The commentary pointed out that Ireland already has a very substantial body of anti-terrorist legislation, mainly contained in the Offences Against the State Acts.

The Government should have assessed the actual level of threat from international terrorist groups before drafting the Bill, it said.

Because this Bill is essentially emergency legislation, and international human rights jurisprudence indicates that such legislation should have strict time limits, the Bill should lapse after a specified period of between one and three years, it said. It should also be subject to an independent review annually.

Various amendments to the Offences Against the State Acts are proposed in the legislation, and the commission proposed that these be accompanied by amendments to the Acts proposed by the Hederman Committee, which carried out a review of the Acts, also under the Good Friday agreement.

The commission's main concern is the breadth of the Bill's definition of terrorism.

"In our view, the definition adopted is impermissibly wide and runs the risk of categorising groups opposing dictatorial or oppressive regimes, anti-globalisation, anti-war or environmental protesters, or even militant trade unionists, as terrorists, with all the legal consequences envisaged by the other provisions of the Bill then attaching to them," it warned.

The type of activities defined as terrorist go beyond what most people regard as such offences, according to the commission, and includes damage to property where there is no threat to life.

"This leaves open the possibility that, for example, the British peace activists who damaged Hawk fighter planes in the 1990s to protest at their sale to Indonesia, or the anti-war protesters who attacked US military planes at Shannon, could be categorised as terrorists for the purposes of this Bill.

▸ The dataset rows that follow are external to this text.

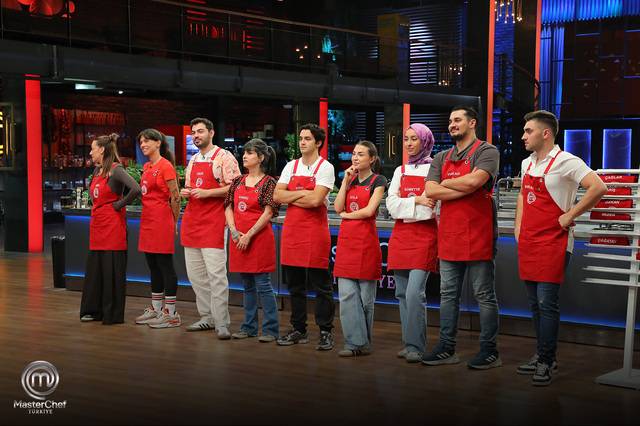 MasterChef’te geceye damga vuran an! 13 Ekim dokunulmazlık oyununu kim kazandı, potaya kimler girdi? 3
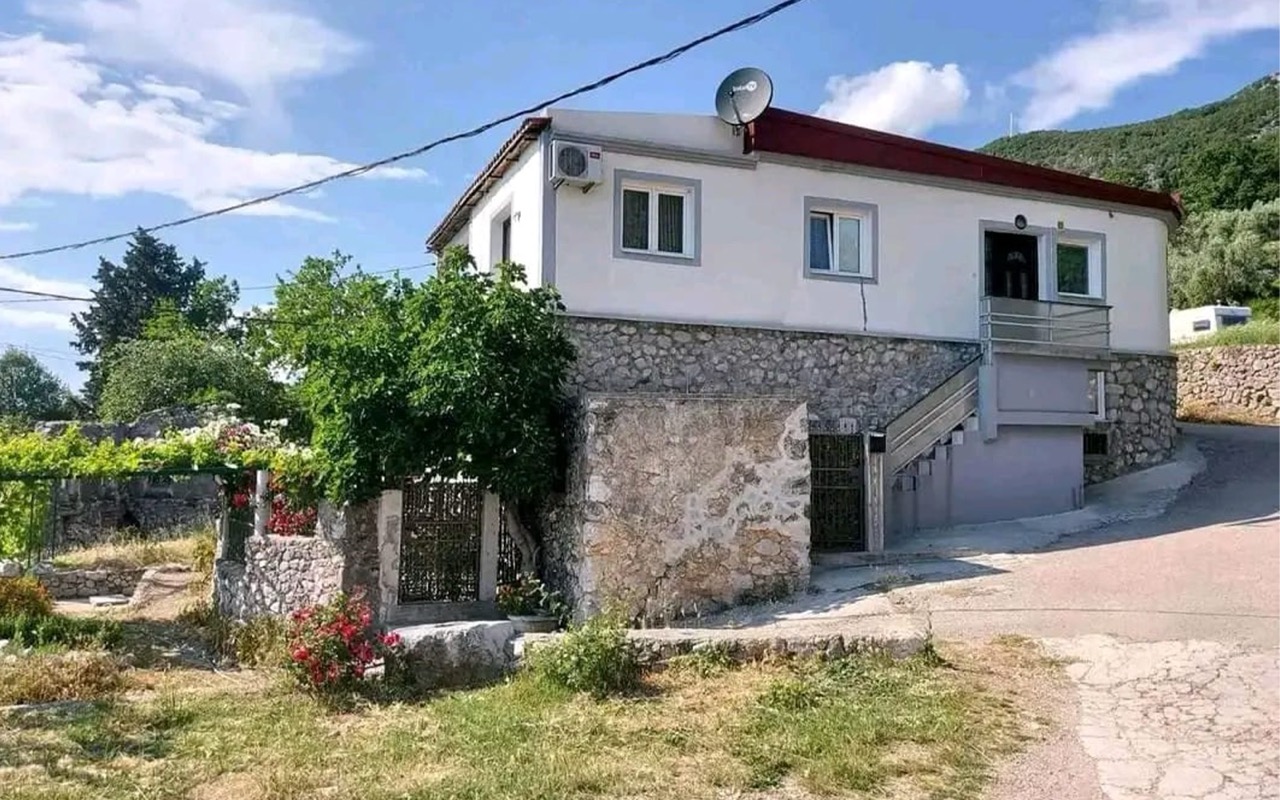 dobra_voda_stone_house_1 (1) Large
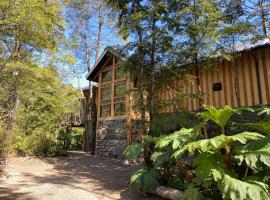 La Colmena eco lodge, hotelli kohteessa La Ensenada lähellä maamerkkiä Calbuco Volcano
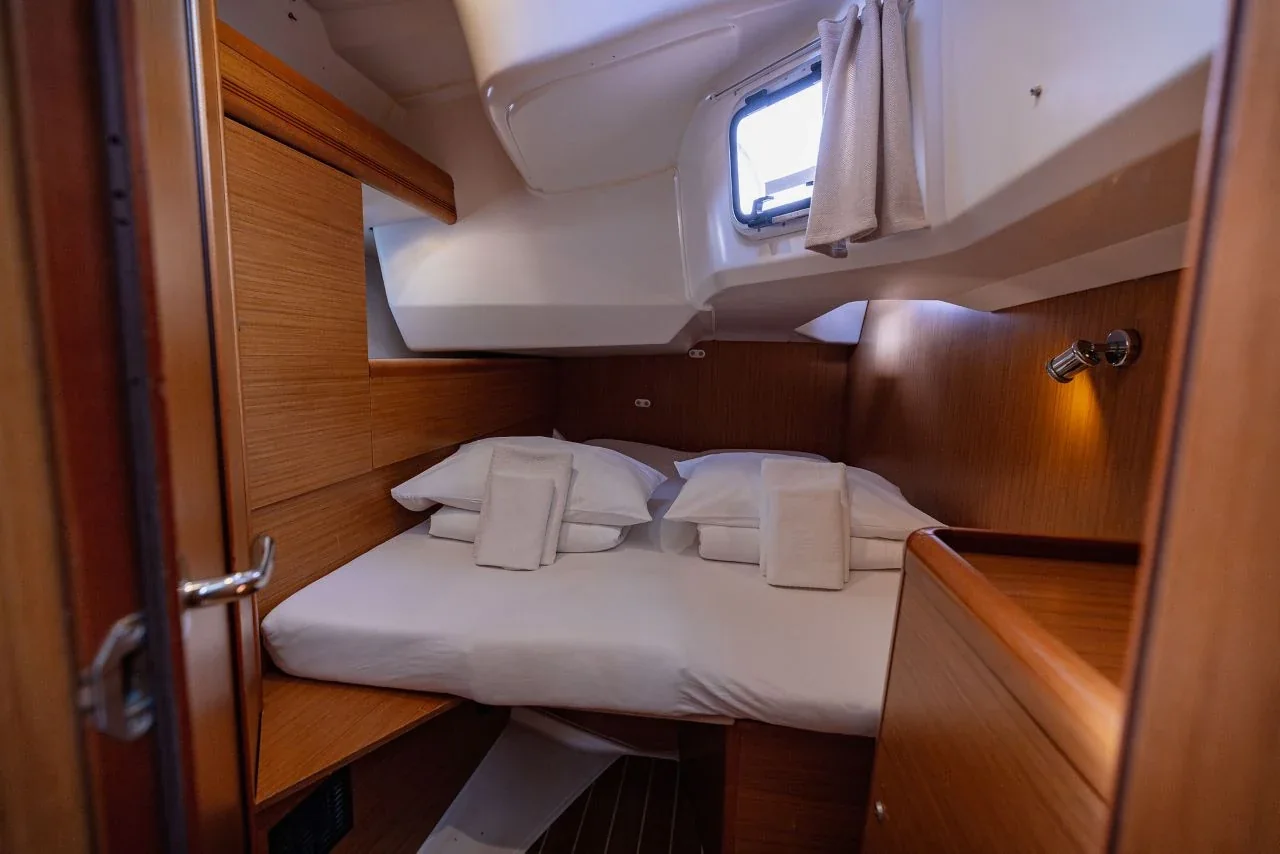 Yacht JEANNEAU Sun Odyssey 49i - Ana B. - Foto 1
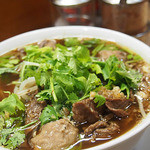 ソンポーン - ガオラオ
      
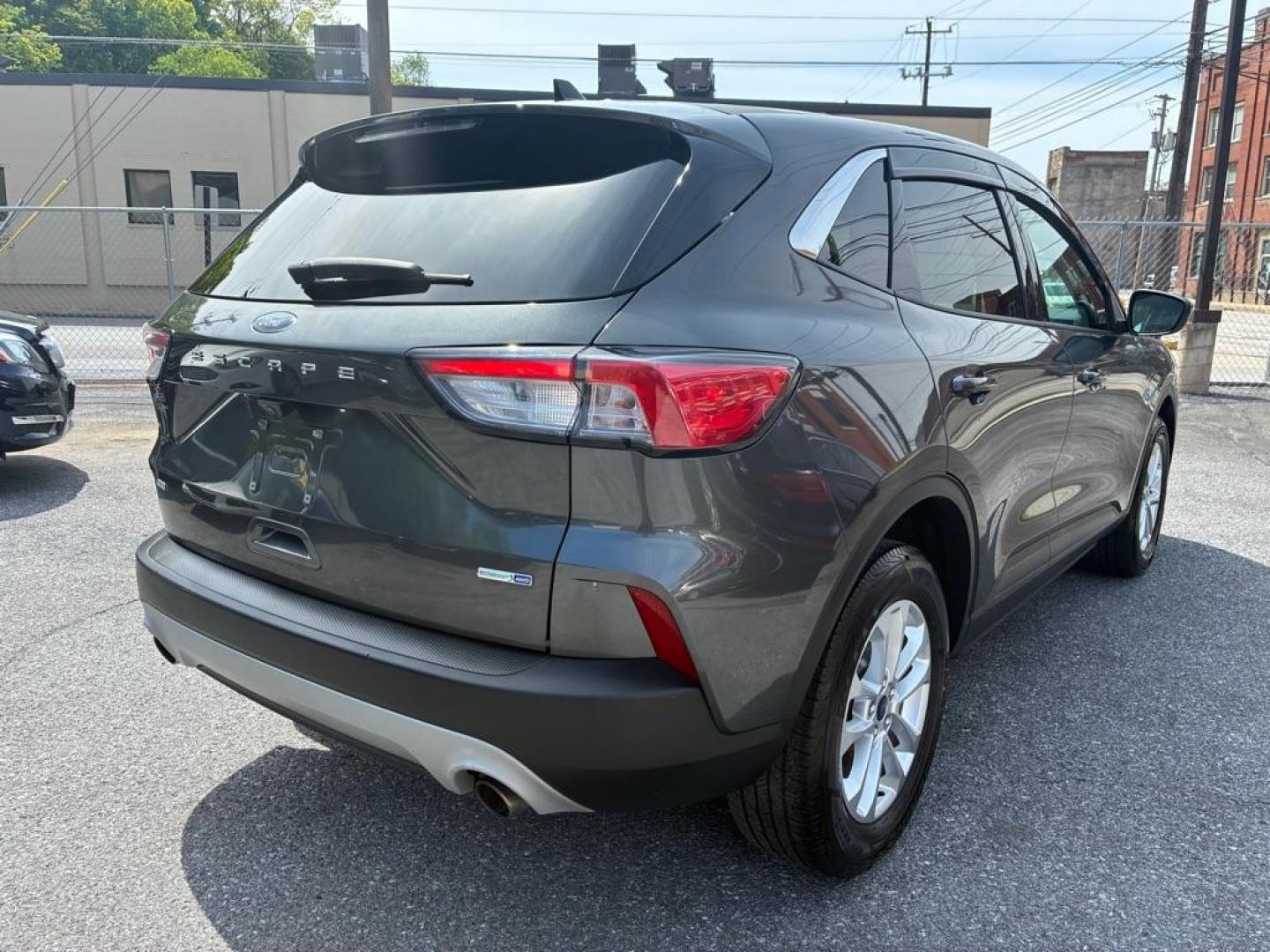 2020 GREY FORD ESCAPE SE (1FMCU9G61LU) with an 1.5L engine, Automatic transmission, located at 117 North Cameron Street, Harrisburg, PA, 17101, (717) 963-8962, 40.266762, -76.875259 - WE FINANCE!!! MOST vehicles are available for financing. Good Credit/ Challenged Credit/ No Credit - ALL Trade-Ins Welcomed!!! APPLY ONLINE or CALL us TODAY Please call us to discuss your cash and/or financing options. Thanks for checking our inventory! We're here to help. - Photo#4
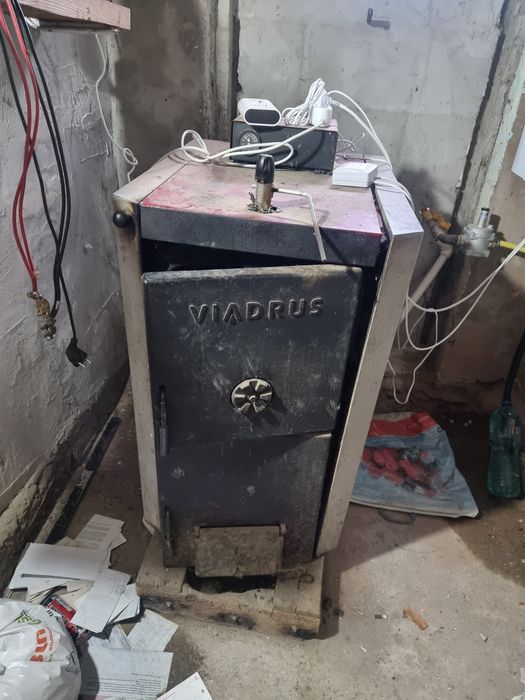 Vând centrală folosită, lemne 30 Kv Vidrarus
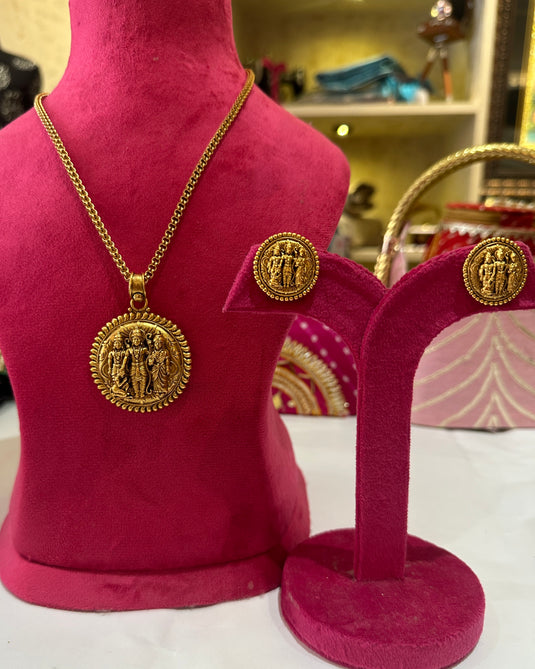 Temple jewellery sets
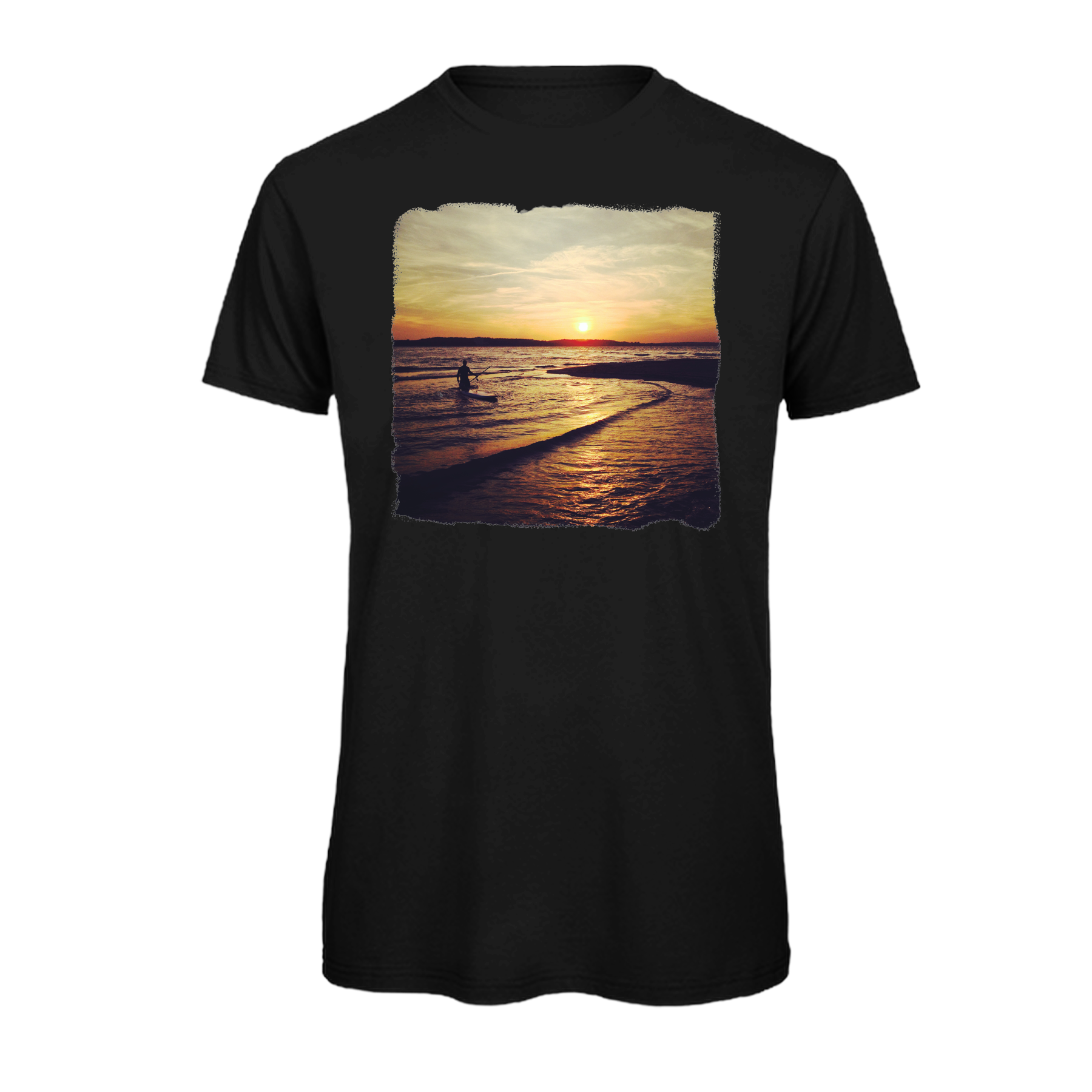 Sonnenuntergang am Strand mit Surfer, nachhaltiges T-Shirt – einzigartigbunt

"While we do not condone such actions, we feel it would be quite wrong to treat them as terrorist offences."

The definitions are so broad as to include those opposing dictatorial or oppressive regimes, like Kurdish or other opponents of Saddam Hussein or Timorese liberation groups before Indonesia withdrew from east Timor, according to the commission.

To avoid this danger, it suggested that the words "democratic and accountable" should be inserted before "governments" in the Bill. It also proposed that the actions defined as terrorist should involve the use of firearms, explosives or other deadly weapons.

Because Ireland is now the only EU state not to have incorporated the European Convention on Human Rights into domestic legislation, there is nothing to counteract the possible infringements of this convention contained in the Bill.

This should be rectified in the legislation by making it subject to the relevant Articles, the commission stated.

The commentary also made a number of specific criticisms of the Bill, including the difficulty of members of the Garda Síochána distinguishing between an organisation collecting money for the relief of distress in, for example, Chechnya, and a group involved in active assistance to Chechen fighters.

The commentary was accompanied by a dissenting view from one member of the commission, Ms Jane Liddy, who said that, instead of being a discursive global criticism of the proposed measure, it should have focused on making the Bill subject to certain Articles of the European Convention on Human Rights.